(Web page caption snippets)
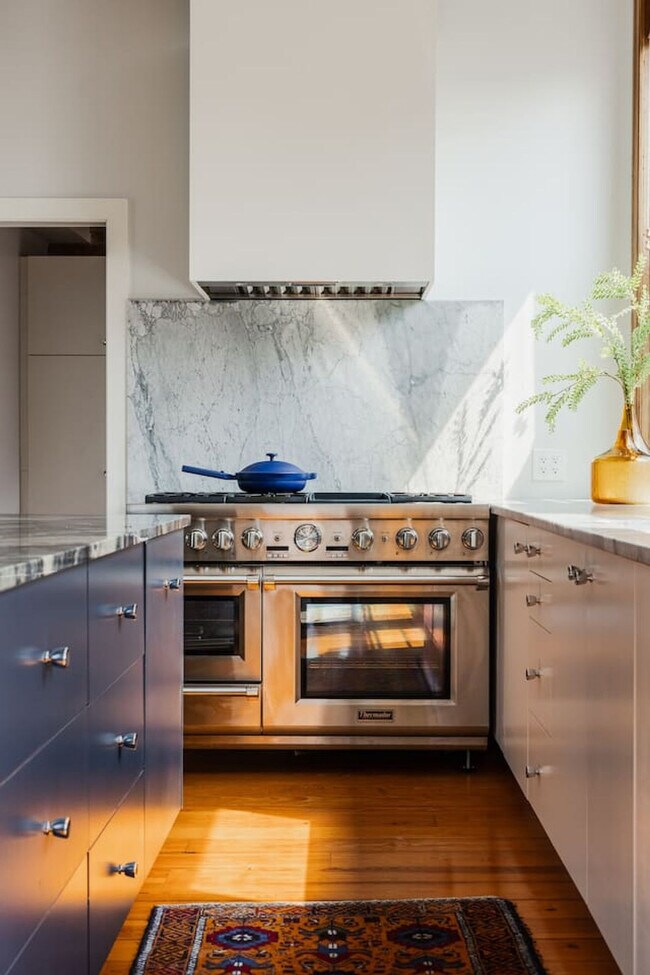 Building Photo - 1201 Jackson St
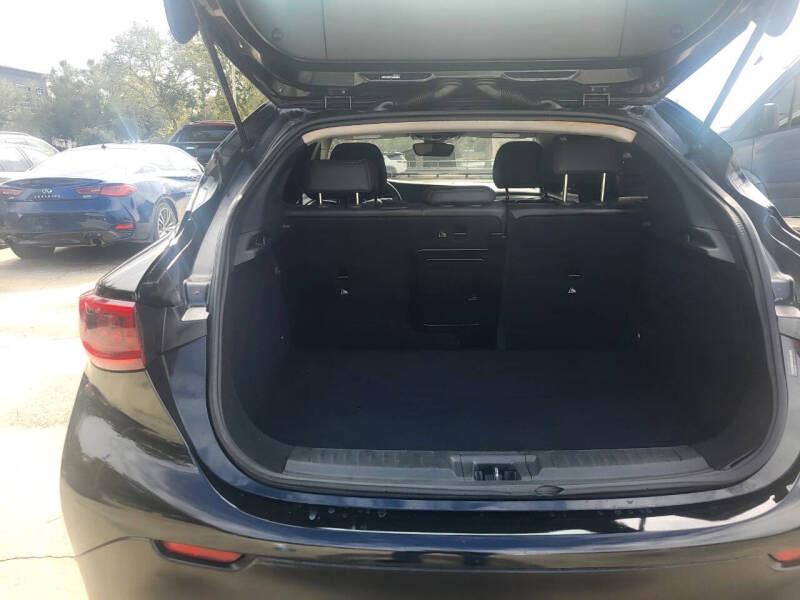 Infiniti QX30 Luxury AWD 2017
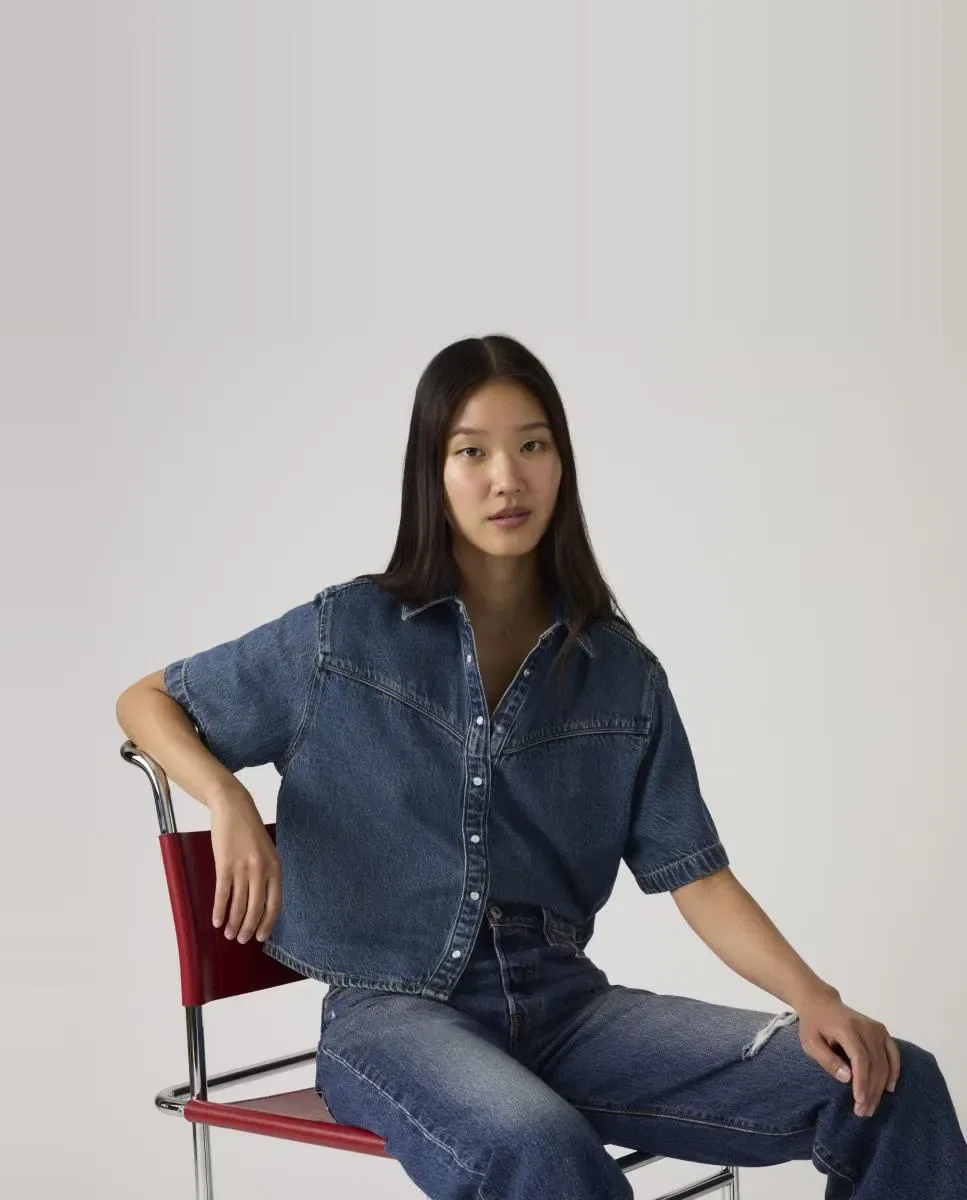 Женская джинсовая рубашка-кроп с коротким рукавом Levi's, Azul Índigo — фото 4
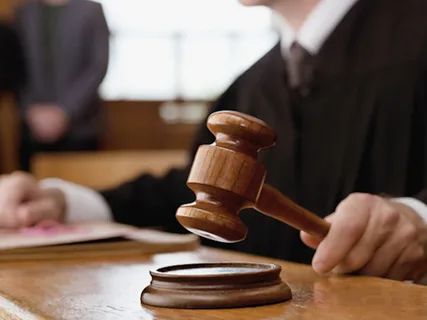 Страховые ловушки: Как Алексей Петров добился справедливости в суде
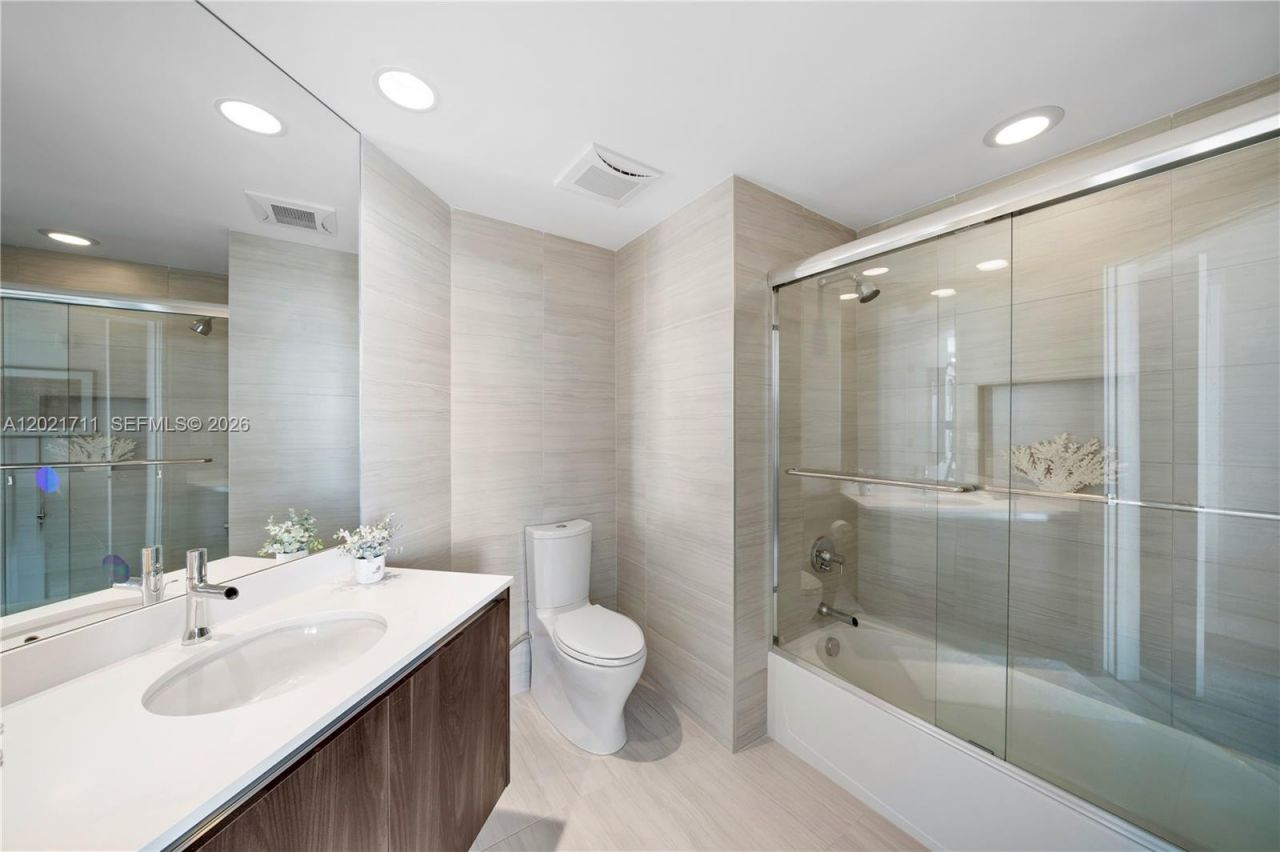 1180 N Federal Hwy , Unit 1002, Fort Lauderdale, FL 33304 Photo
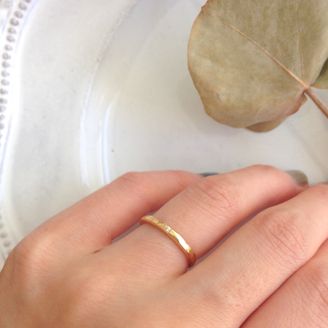 【メデルジュエリー(Mederu jewelry)】の口コミ 以前よりインスタグラムでメデルジュエリーをフォローしており、結婚指輪以...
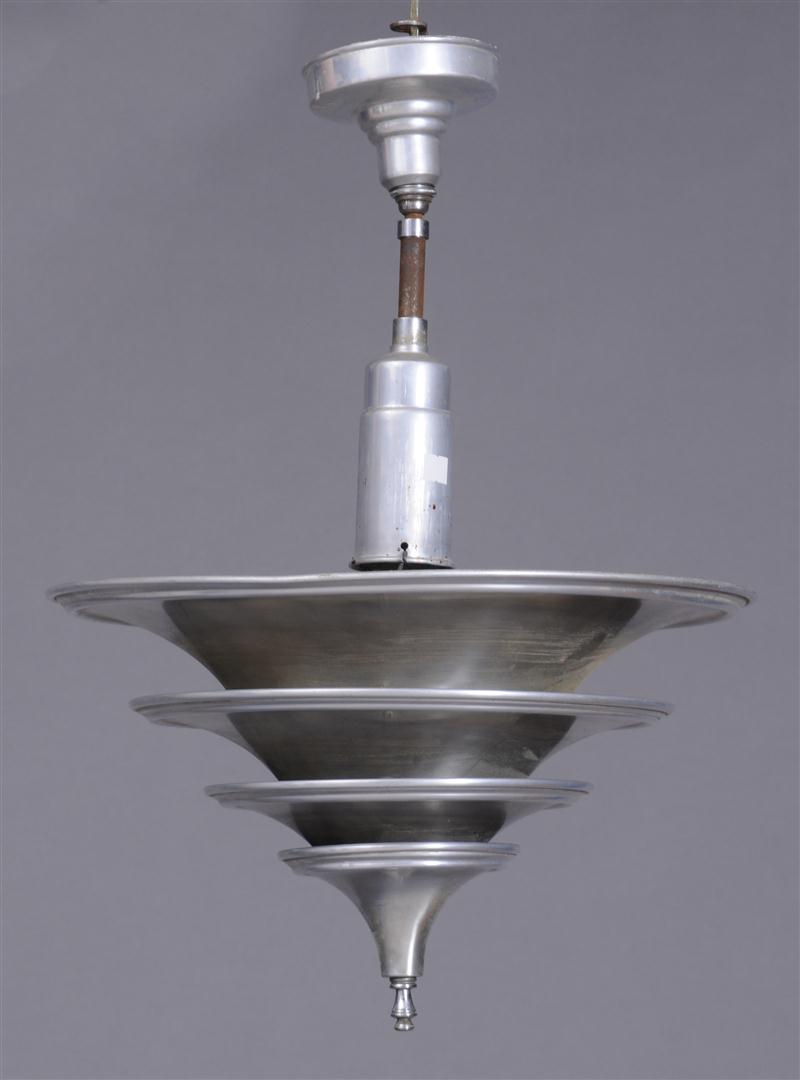 MODERNE ALUMINUM TIERED LANTERN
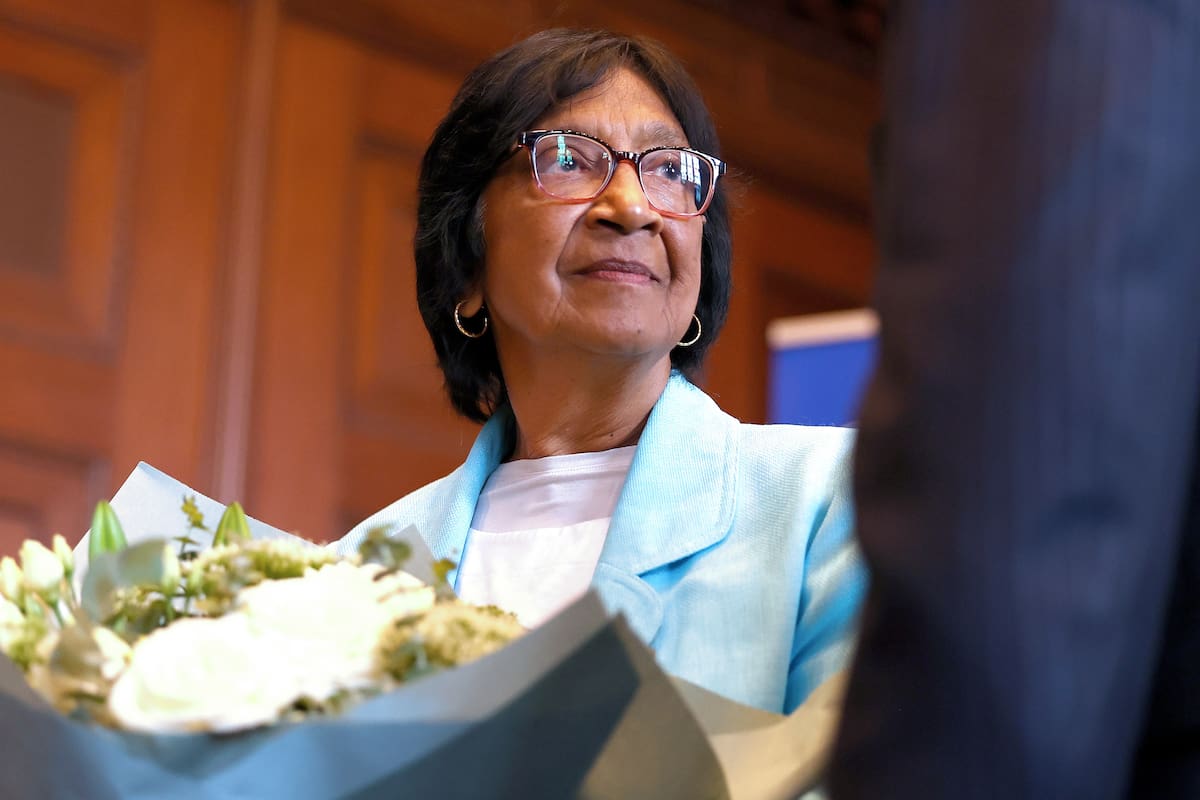 La jurista sudafricana Navanethem 'Navi' Pillay, ganadora del Premio Nobel de la Paz 2026 durante una rueda de prensa este viernes en Núremberg (Alemania). //EFE - DAVIDE ELIAS.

• _About this exercise_:
Pictures are to be left out; please print the rest of the records above word for word.

• _Reply to the exercise_:
 Building Photo - 1201 Jackson St
 Infiniti QX30 Luxury AWD 2017
 Женская джинсовая рубашка-кроп с коротким рукавом Levi's, Azul Índigo — фото 4
 Страховые ловушки: Как Алексей Петров добился справедливости в суде
 1180 N Federal Hwy , Unit 1002, Fort Lauderdale, FL 33304 Photo
 【メデルジュエリー(Mederu jewelry)】の口コミ 以前よりインスタグラムでメデルジュエリーをフォローしており、結婚指輪以...
 MODERNE ALUMINUM TIERED LANTERN
 La jurista sudafricana Navanethem 'Navi' Pillay, ganadora del Premio Nobel de la Paz 2026 durante una rueda de prensa este viernes en Núremberg (Alemania). //EFE - DAVIDE ELIAS.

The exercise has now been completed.